Tek-Tips is the largest IT community on the Internet today!

Members share and learn making Tek-Tips Forums the best source of peer-reviewed technical information on the Internet!

  • Congratulations John Tel on being selected by the Tek-Tips community for having the most helpful posts in the forums last week. Way to Go!

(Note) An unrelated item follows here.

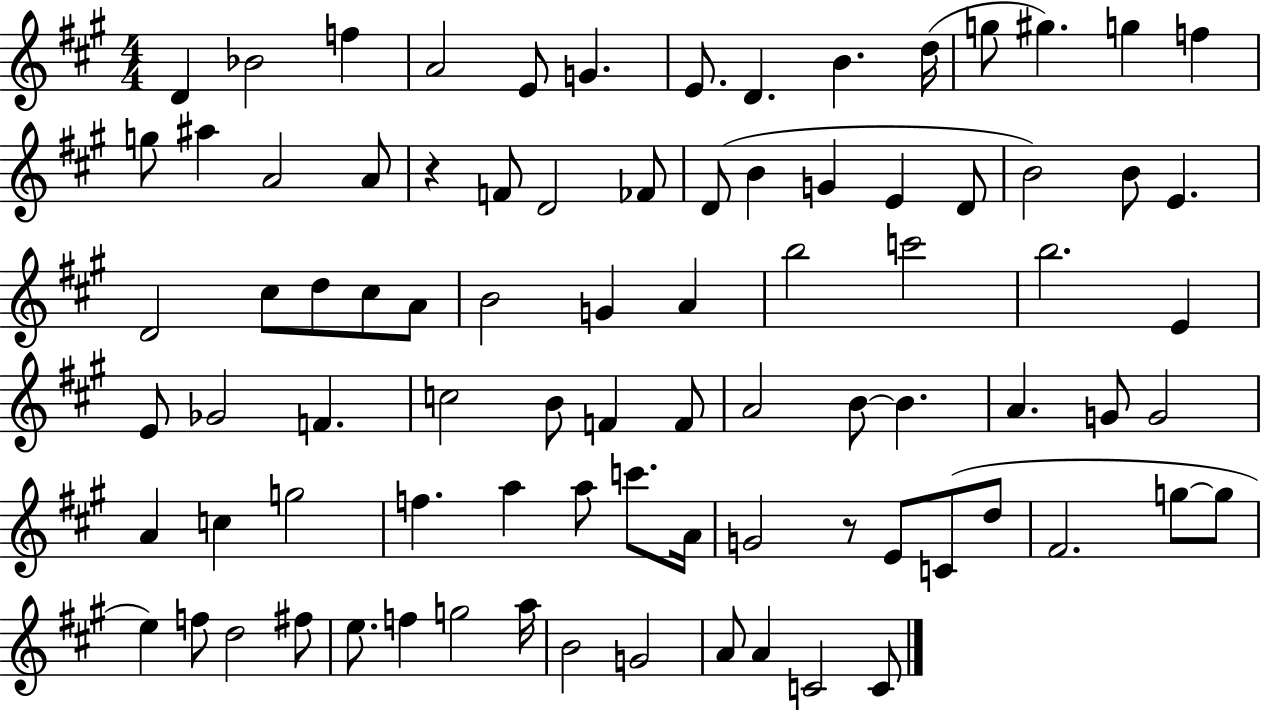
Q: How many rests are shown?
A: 2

Extra Spaces in Spool File 4

Status
Not open for further replies.

johnnybee

Programmer
Dec 16, 2002
24
GB
I am currently extracting data into a file using the following script:

Code:
set linesize 1180
set pagesize 0
set head off
set term off
set wrap off

column CONTACT_ID format 9999999999
column FIRST_NAME format a78
column LAST_NAME format a78
column JOB_TITLE format a78
column ADDRESS_LINE_1 format a78
column ADDRESS_LINE_2 format a78
column ADDRESS_LINE_3 format a78
column ADDRESS_LINE_4 format a78
column CITY format a78
column STATE format a78
column POSTAL_CODE format a78
column COUNTRY format a78
column LAST_SOURCE_SYSTEM format a78
column COMPANY_NAME format a78
column COUNTY format a78
column NVL(STATE,COUNTRY) format a78

spool uk_contacts

select * from
(select
a.CONTACT_ID,
a.FIRST_NAME,
a.LAST_NAME,
a.JOB_TITLE,
ADDRESS_LINE_1,
ADDRESS_LINE_2,
ADDRESS_LINE_3,
ADDRESS_LINE_4,
CITY,
NVL(STATE,COUNTY),
ZIP_POSTAL_CODE,
COUNTRY,
a.LAST_SOURCE_SYSTEM,
COMPANY_NAME,
COUNTY
from cccadm.gcr_contacts_ss a, cccadm.gcr_postal_ss b
where a.contact_id = b.contact_id
and country_of_origin = 'UK')
where rownum < 2000;

spool off
set term on
set wrap on

All of the fields are VARCHAR2, except for CONTACT_ID which is a NUMBER field.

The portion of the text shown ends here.